I wonder if the La Niña phenomena is the reason for particularly rainy years in Taiwan. This year has been one of them, similar to my first two years here. The interim two years weren't rainy and I remember them being pretty nice. This summer it rained just about every day in the afternoon like monsoon rains. And personally, I haven't seen much sunlight in quite a while. I suspect it has something to do with La Niña.
The past few weeks – I haven't been counting – but at least two weeks have been block cloudy or rainy. Yesterday was a rare sunny day and I decided to take my road bike out in the evening. Even riding has become a bore to me, but I just rode casual out to the confluence where the Keelung River empties into the Danshui River, which then continues northward to empty into the Taiwan Strait.
The significance of going to the confluence of those rivers is that it feels like a large body of water there. The Danshui is already pretty wide by then, being the end result of the Dahan, Xindian and Jingmei rivers; and where the Keelung River waters are finally added, it's quite a large basin and feels more oceanic than just sitting by a riverside.
Confusion. Conflict. Don't want. Must. Where I've led my life.
I stayed there for a while, taking in the vibe of being by the water, simulating the feeling of what I want to do. I was conflicted. I don't want to do this. I have to do this. It is where I've led my life. If I decide against it, all roads forward look bad. Really bad.

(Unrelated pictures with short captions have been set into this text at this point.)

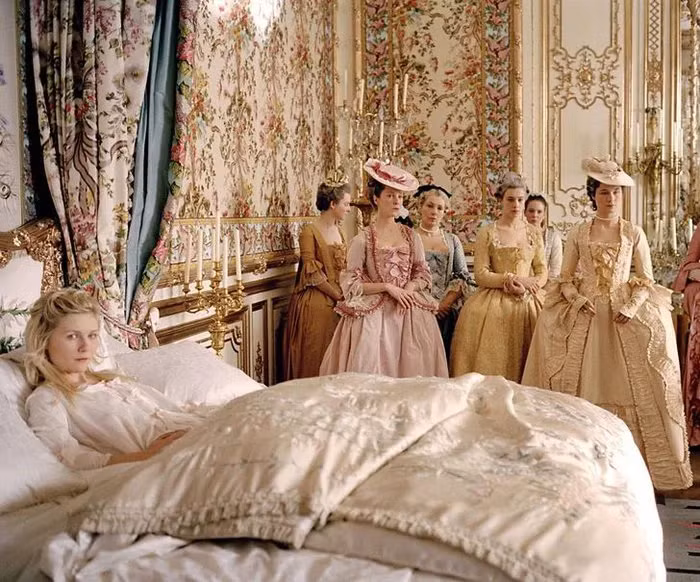 Ở triều đại Tudor, nữ hoàng, hoàng hậu phải tự cô lập trong phòng ngủ của mình một thời gian trước khi sinh con. Tất cả các cửa sổ trong phòng, trừ một cửa sổ nhỏ, đều được che lại bằng rèm.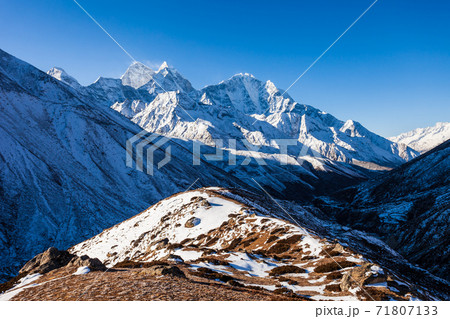Thamserku and Kangtega mountain, Everest region Thamserku and Kangtega mountain, Everest region 71807133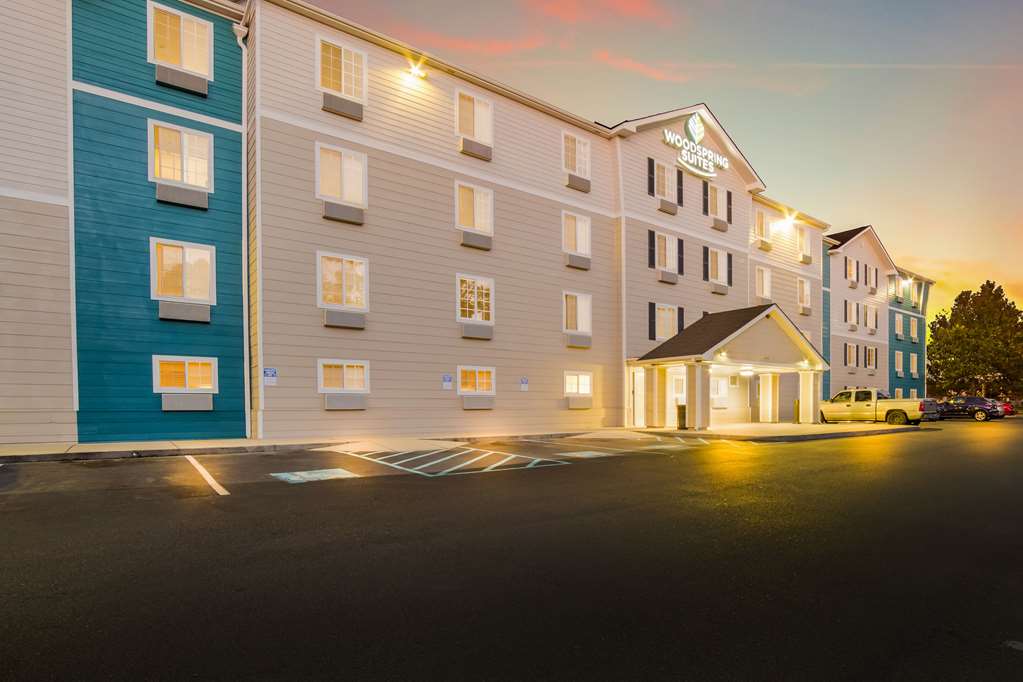 WoodSpring Suites North Charleston Airport I 526 - photo 8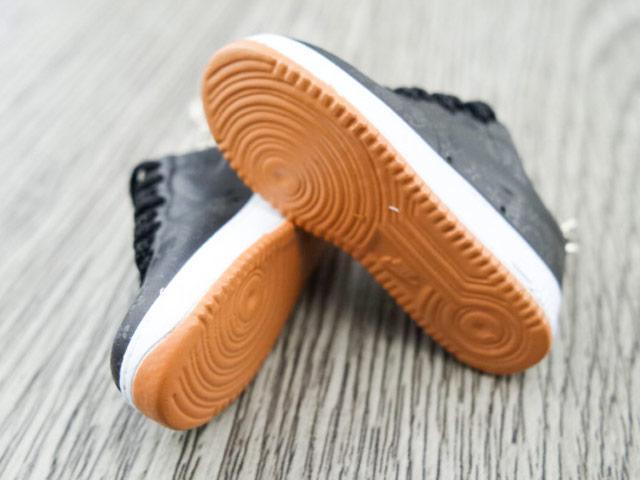 Mini 3D sneaker keychains Air Force 1 x CLOT - Black Gum - Sneakers Passion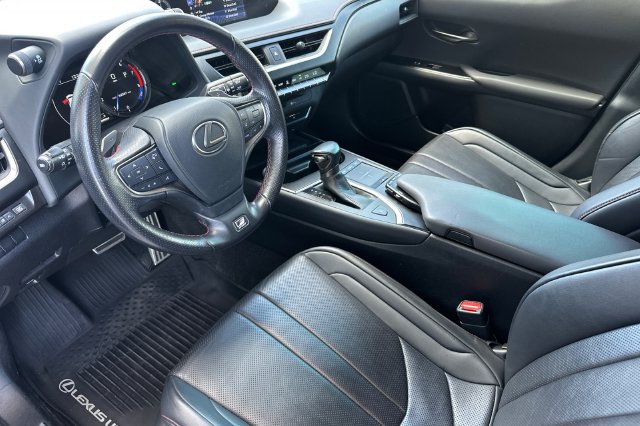 Used 2020 Lexus UX 200 F Sport w/ F Sport Premium Package FWD image 11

Not just difficult, not just challenging, but they put me in a bad place. They take me out of the light and into the darkness. It's not that I don't think I can handle the darkness with these years of mindfulness training, but I don't think I have the strength to maintain myself in this kind of darkness that can get worse and worse to the point where I can get lost in mental illness and lose all the training.

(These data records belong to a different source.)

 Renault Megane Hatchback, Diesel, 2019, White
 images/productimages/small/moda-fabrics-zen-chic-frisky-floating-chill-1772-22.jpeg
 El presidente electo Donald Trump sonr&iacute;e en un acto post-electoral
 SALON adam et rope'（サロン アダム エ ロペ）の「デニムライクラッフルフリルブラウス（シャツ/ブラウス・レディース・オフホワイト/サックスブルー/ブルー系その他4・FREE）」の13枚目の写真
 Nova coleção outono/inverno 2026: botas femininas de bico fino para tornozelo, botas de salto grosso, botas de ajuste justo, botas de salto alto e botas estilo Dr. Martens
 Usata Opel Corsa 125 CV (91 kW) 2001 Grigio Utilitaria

I'm reading a book I found in the public library on Kabbalah, the so-called mystical aspect of Judaism. The book is The Essential Zohar: The Source of Kabbalistic Wisdom and it's been a while since I've read a book that made me feel spiritual after reading it.
What's special about this book is that it explains the Zohar, the main book of Kabbalah, as applying outside the Jewish tradition while still drawing on the Jewish references of the Torah. The difference between this book and other books on Kabbalah and Zohar is that it's not just Jewish. There isn't an insider-outsider aspect. This book emphasizes that Kabbalah wisdom applies to anyone seeking divine truths, and with this kind of premise in the author's mind I found from a Buddhistic perspective this all fits in perfectly with my understanding of Buddhist understanding. It's a universal teaching of spiritual or divine wisdom.

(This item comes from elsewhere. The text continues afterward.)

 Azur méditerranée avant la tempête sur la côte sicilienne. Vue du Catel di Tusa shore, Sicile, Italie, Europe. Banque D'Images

An interesting aspect of this book is that the Zohar claims that the Tanakh, the Hebrew Bible, the first part of which is the Torah, is coded wisdom. If you just read it straight, it's possible to get nothing out of it but ancient stories (the first five books of the Christian Old Testament is pretty much the Torah verbatim, distorting it out of its Jewish origins and transplanting it in a Christian context). The Zohar decodes the Tanakh and explains all the symbolism in terms of what the Creator intended. This book in a way is a decoding of Zohar to apply to spirituality in general so that it is inclusive of anyone on a spiritual path. As such, the decoded Tanakh, via the decoded Zohar fits in suitably well with a Tibetan Buddhistic understanding of the universe.
I wish I could go into some detail but that might lead to a need for a deeper explication and that would just be a burden, I shouldn't wonder. You have to take my word for it. But a recent moment I had with the book is a passage where the author says that divine blessings will only come to anyone who sincerely studies the Torah (paraphrasing). I'm not Jewish, I don't study the Torah in any conventional sense, but I thought that if that statement were right, then I should consider myself as someone who studies the Torah. And in the next sentence, the author confirms that by studying the Torah, it's not literally studying the pages of the Torah, but anyone seeking truth to the light of the divine (paraphrasing).
The Jewish scriptures are all code according to the Zohar. Which means when the Jews are "the chosen people", Jews are code for people on the spiritual path no matter what faith. And Jews who aren't on the spiritual path can't be considered of "the chosen people". It's pretty radical stuff which rings very true to me, but then I remember that Kabbalah is described as "mystical", and as opposed to religious orthodoxies, mysticism has generally been looked down upon through the ages.
Sufism, the mystic sect of Islam is largely discarded and persecuted by Shiites and Sunnis. Christianity's Gnostic Gospels are ignored by the mainstreams, but I've read some of the Gnostic Gospels, including the recently discovered and published Gospel of Judas, and if they had taken hold or had been included in the canon, I'd have a different opinion about Christianity. The Gnostic Gospels describe the Jesus story in terms of the divine, rather than . . . blind faith towards what facially just doesn't make any sense. For me, the Jesus story as described in the Gnostic Gospels makes divine sense.